Raising your credit rating is important, and aiming for a perfect score makes you a much more attractive customer to banks and other financial institutions.

This gives you access to the most exclusive products, which have much lower interest rates, saving you a lot of money in the long run!

How your credit score is calculated

There are three major credit reporting agencies: Experian, Equifax, and TransUnion. They create your credit score and provide your loan report card. Just like school, you are evaluated on how you manage your credit on a day-to-day basis and how risky you are to lend.

The higher your score, the more power you have in negotiations. This can be anything from renting a nicer home, to getting better rates on insurance, utilities, or buy a house.

Credit bureaus take various factors into account when calculating your score, including:

  • Use of credit and amounts due
  • Refund history and late payments
  • Collections and bankruptcy
  • Types of credit
  • New credit applications
  • The number of accounts held

There is some financial information that will not be reported, including the following:

  • Utilities (unless you go into collections)
  • Rent (unless you go to collections)
  • Child support (unless it goes into collection)
  • Property and income taxes (unless you go into collection)
  • Gym memberships
  • City bills such as parking or medical care
  • Insurance (unless you go into collection)

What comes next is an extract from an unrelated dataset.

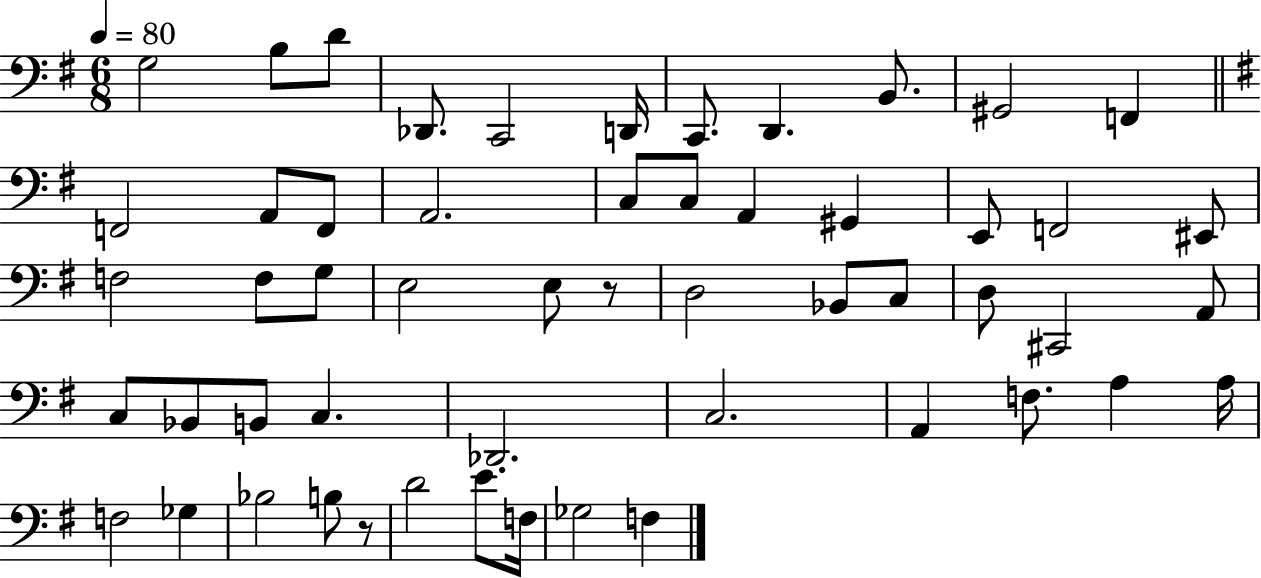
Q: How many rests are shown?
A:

However, here is a list of what will appear on your credit report:

  • Any secured or unsecured line of credit
  • Installment loans
  • Mobile phone contracts
  • Loans for motor vehicles
  • Student Loans
  • Credit shop or financing agreements

Payment history accounts for around 35% of your total credit score, so this is the most important factor to consider. Late or missed payments can dramatically decrease your score.

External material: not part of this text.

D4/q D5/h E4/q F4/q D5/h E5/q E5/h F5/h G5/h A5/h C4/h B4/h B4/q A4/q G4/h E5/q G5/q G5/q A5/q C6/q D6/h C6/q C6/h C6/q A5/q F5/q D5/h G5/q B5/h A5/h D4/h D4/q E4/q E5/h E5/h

Credit usage, length of your credit history, hard credit check and new open accounts and credit diversity also affect your score.

How To Increase Your Credit Score

If you are using Experian, your credit scores can be divided into these categories:

  • Excellent = 781 – 850
  • Good = 661 – 780
  • Fair / Medium = 601 – 660
  • Poor = 500 – 600
  • Very poor = 300 – 499

It is estimated that 61% of Americans have a “Good” rating or higher. But, if yours is lower, there are a few ways to increase your score.

Here are some tips to quickly boost your credit score:

  • If you make payments to your bank, set all payments for automatic withdrawal – this increases your internal credit score and gives you better loan rates.
  • If you can’t pay everything, always pay the debts that are reported to the credit bureaus first, then pay the rest when you can.
  • Always having two credit building accounts – a revolving account and an installment loan – can be a credit card and a student / car loan.
  • Try building two years of credit history before applying for a mortgage as this is preferred by most lenders.
  • If your credit limit is raised, it doesn’t mean you should spend more.
  • Credit bureaus only update monthly, something bimonthly, so it may take some time for your score to update after you make payments.
  • Avoid late payments: Most lenders don’t want late payments in the past 24 months.
  • Pay collections on your accounts first – if you want to dispute, do so later. When you pay for this, make sure you get a written confirmation.
  • Imperfections remain on your account for 7 years – negative credit does not fall from your account for 7 years.
  • Try to keep your credit accounts active, even if it means spending money on everyday items and then paying them back the same day.